Thomas Mann Prize for Norbert Gstrein – Culture


The Austrian writer Norbert Gstrein will receive the Thomas Mann Prize 2021. This was announced by the Bavarian Academy of Fine Arts in Munich and the Hanseatic City of Lübeck, who jointly award the 25,000 euro prize. Norbert Gstrein, born in 1961, became famous in 1988 with his debut “One” (1988), an oppressive village story from the Tyrolean mountains from which he comes. This was followed by novels, essays and stories, such as “The English Years” (1999), a story of emigration and confusion from the Second World War, the war novel “The craft of killing (2003), and most recently the novel “The Second Jacob” (2021), with the Gstrein on the long list of the German Book Prize stands. In “The Second Jacob” he once again devotes himself to the unresolved questions of the debut and examines whether one can overcome the guilt one has incurred in the course of one’s life by telling the story.

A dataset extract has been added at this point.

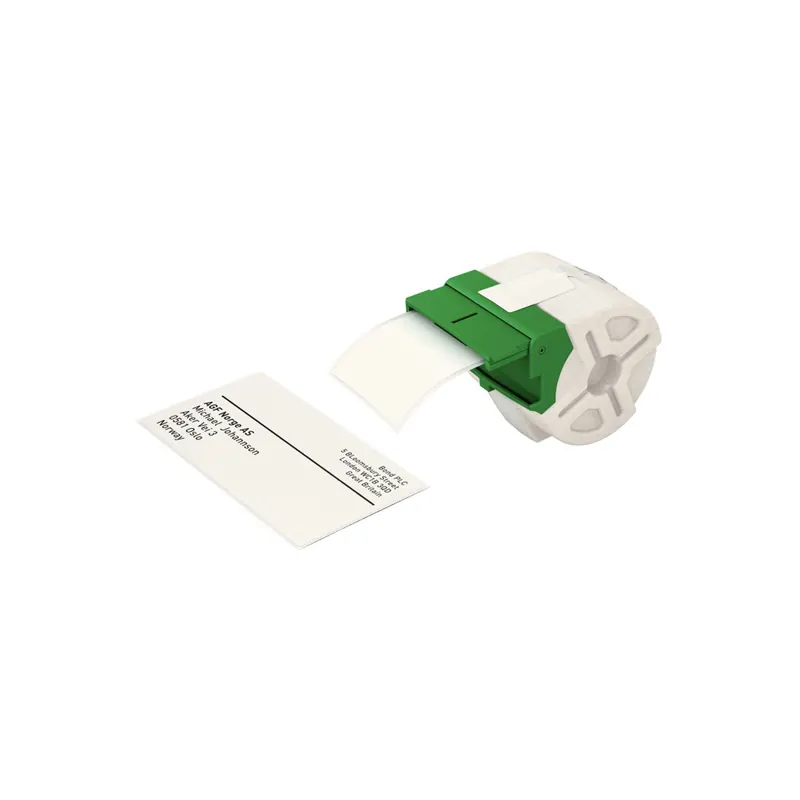 Etikettendrucker Rollenetikett Leitz ICON 7013 - auf Rolle Vielzweck-Etikett 39 x 102 mm weiß permanent Thermopapier für Thermodrucker Pckg/225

The jury justified the decision in favor of Norbert Gstrein with the fact that he was one of the “most virtuoso German-speaking storytellers of the present” and that he provided many “astute, relentless observations of our present day”. The Thomas Mann Prize of the Hanseatic City of Lübeck and the Bavarian Academy of Fine Arts has been awarded every year since 2010 in Lübeck and Munich. Previous winners include Juli Zeh, Rüdiger Safranski, Jenny Erpenbeck, and in 2020 Nora Bossong received the award.